News

Policy & Practice


 

Stimulus Benefits Child Programs

Vaccine programs, child day care, and Head Start all will benefit from the American Recovery and Reinvestment Act economic stimulus package, the Obama administration said. As part of the stimulus package, the federal government will use $300 million to promote immunization, purchase vaccines, and distribute them through the Centers for Disease Control and Prevention's immunization program. In addition, states will receive $2 billion from the stimulus package to pay for day care and expand facilities providing it. And the Head Start and Early Head Start programs will gain access to $2.1 billion grants that could expand coverage to more than 70,000 children, infants, pregnant women, and their families. Head Start will receive a separate $235 million increase in funding for 2009 through the stimulus package, the Obama administration said.

$60 Million to Autism Research

The National Institutes of Health said it will commit roughly $60 million in stimulus package funds to support autism research over the next 2 years.

Four grant programs collectively known as “Research to Address the Heterogeneity in Autism Spectrum Disorders” will fund research to develop and test diagnostic screening tools, assess risks from prenatal or early life exposures to potential toxins, conduct clinical trials, and adapt existing interventions to a maturing population of people with autism-spectrum disorders.

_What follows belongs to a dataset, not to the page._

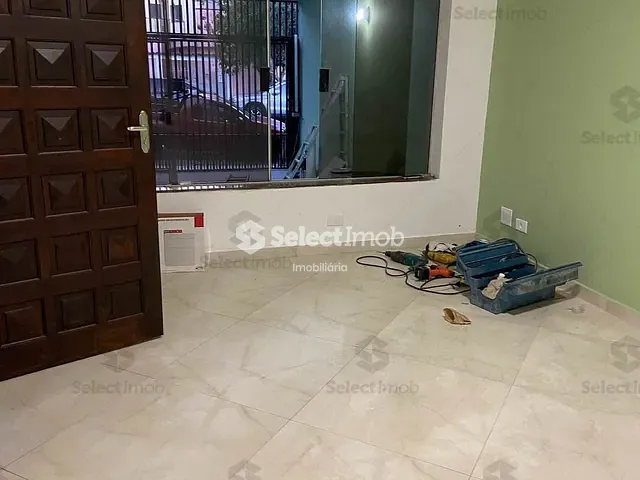 Sobrado com 170m² 3 quartos e 1 banheiro, à venda, no bairro Jardim Pedroso em Mauá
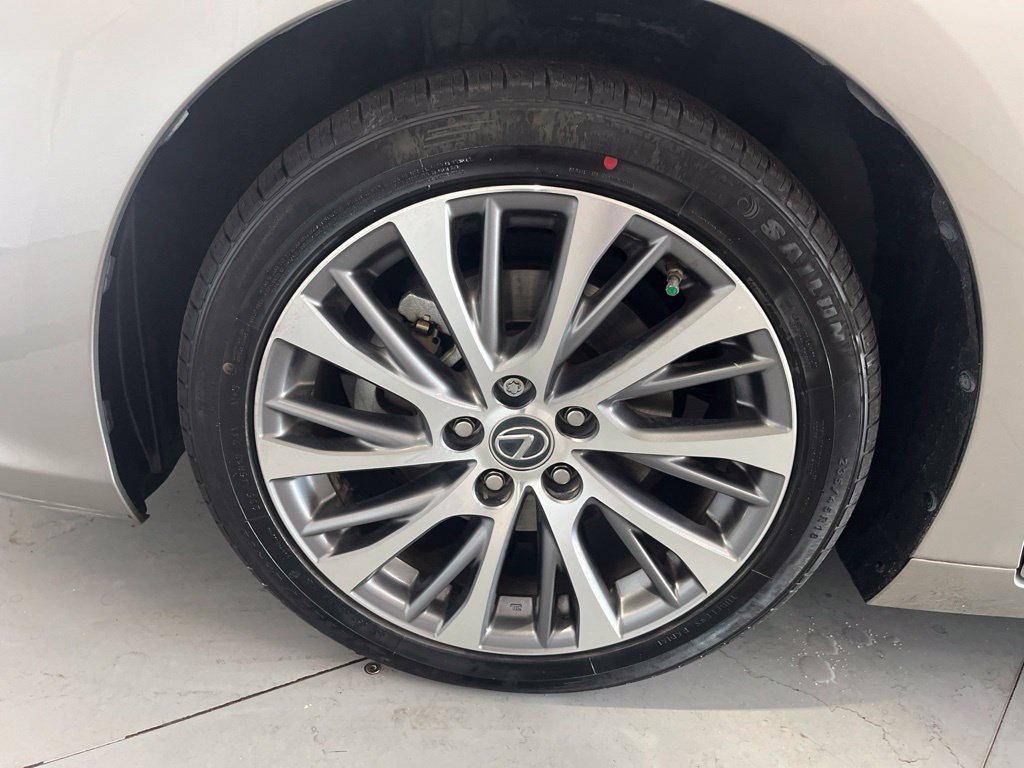 Used 2021 Lexus ES 250 w/ Premium Package AWD/4WD image 14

The topics follow the strategic plan that came from the federal Interagency Autism Coordinating Committee, NIH said.

AAP, AAFP Want Case Overturned

The American Academy of Pediatrics and the American Academy of Family Physicians have urged the U.S. Supreme Court to overturn a Georgia high court decision that could allow parents of autistic children to sue vaccine manufacturers.

Last October, the Georgia Supreme Court ruled that the case, which involves an autistic child who stopped speaking after being vaccinated, could go to trial. However, other state and federal courts have held that the National Childhood Vaccine Injury Compensation Act of 1986 preempts such lawsuits, and the U.S. Supreme Court is considering whether to take the Georgia case.

“If this [Georgia] decision is allowed to stand, it could lead to the very same crisis that Congress sought to prevent in passing the original legislation,” said Stephan Lawton, an attorney for AAP, in a statement.

“There is a genuine threat to our nation's public health if manufacturers abandon or consider abandoning the production of vaccines. [A decision to permit vaccine suits] would set our country back decades and have deadly consequences for our children.”

House Passes Wakefield Act

The House has passed, 390-1, the Wakefield Act to reauthorize the Emergency Medical Services for Children program. The bill now goes to the Senate for consideration.

In the past 25 years, the program has funded state emergency services offices and supported projects that bolster children's emergency care. “It is no coincidence that since the EMSC program was established, death rates due to pediatric injury have dropped by an astounding 40%,” AAP President David Tayloe said in a statement.

The legislation, named for a family whose child survived a catastrophic auto accident because of excellent emergency care, would reauthorize the program for 5 more years.